6b. The min-rule is the min-LEVEL rule (load-bearing for forward/surjectivity). #
The bare-Lean S.drop 1 drops the lowest-LEVEL point. minVal drops the least-.val point.
These coincide on a critical set because within one fiber the .val order is the level order,
and the level is injective on the set. This underwrites "survivors = edge tops" and "each
block/component has a unique non-survivor = its lowest-level vertex" (scout risk R2).
The dropped point (the minimum) is strictly below — in LEVEL — every survivor of that set. This is what makes "survivors = edge tops" hold; each critical set keeps exactly its tops.
7. Helper facts the downstream bricks will want. #
These pin the model to the verified one and expose the (M)-style arithmetic.
A crossing quadruple in strict val-order makes A, B linked (the (M)-witness hook).
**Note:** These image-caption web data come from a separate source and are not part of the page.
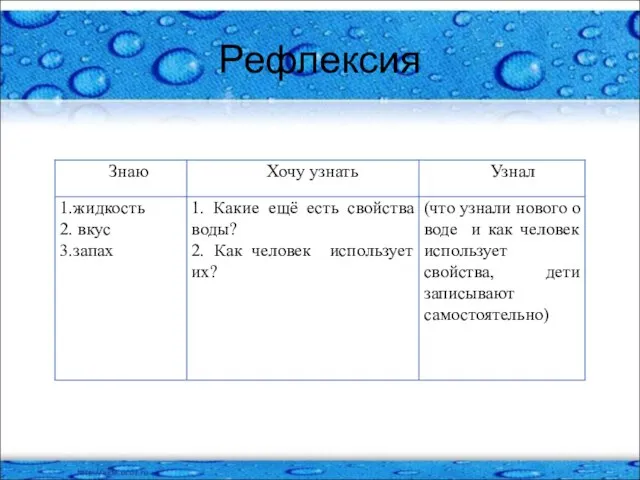 Рефлексия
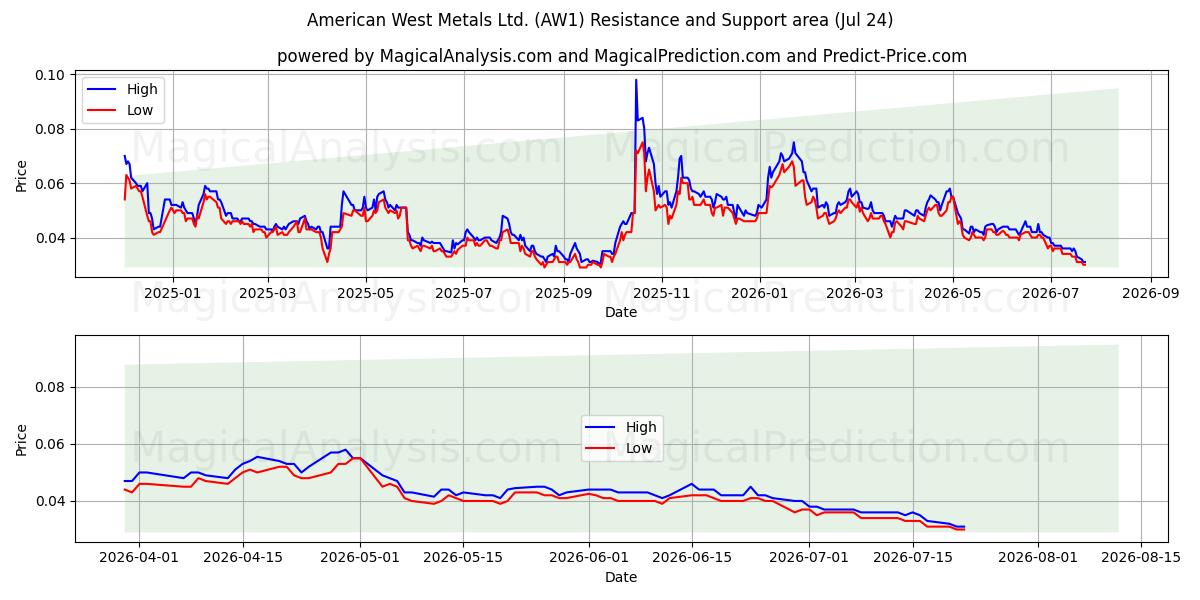  American West Metals Ltd. (AW1) Support and Resistance area (23 Jul) 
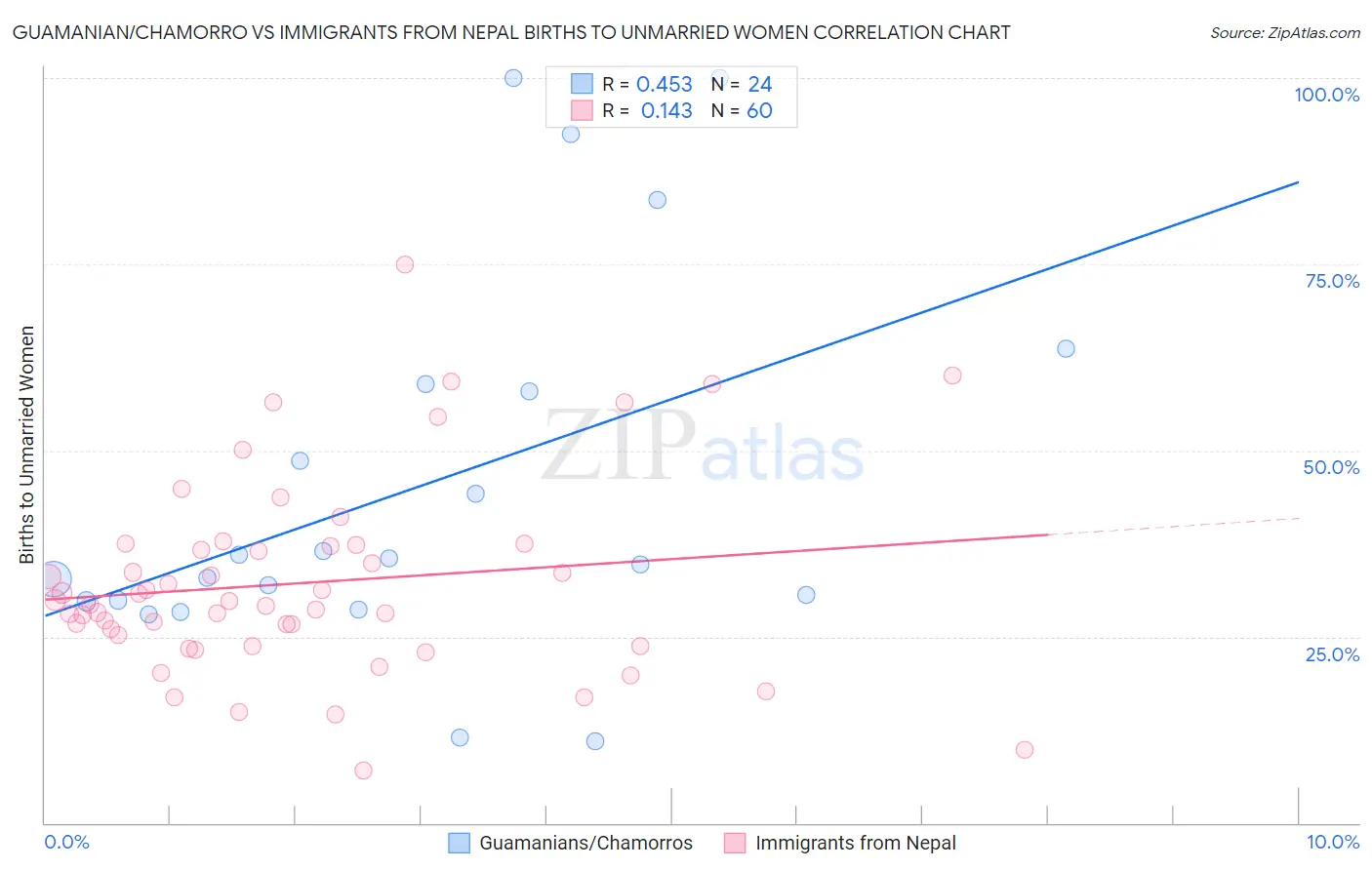 Guamanian/Chamorro vs Immigrants from Nepal Births to Unmarried Women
8. T P lands in the (d-1)-subsets (the start of the Tsub packaging). #
T_card gives the cardinality; we package T P into the same {S // S.card = d-1} subtype
the denominator counts (Denominator.Asub). The remaining LevelCanonical (T P) clause —
landing in the FULL {S // S.card = d-1 ∧ LevelCanonical d m S} subtype (Denominator.Csub) —
is the FORWARD direction (brick 3b) and is deliberately NOT proved here.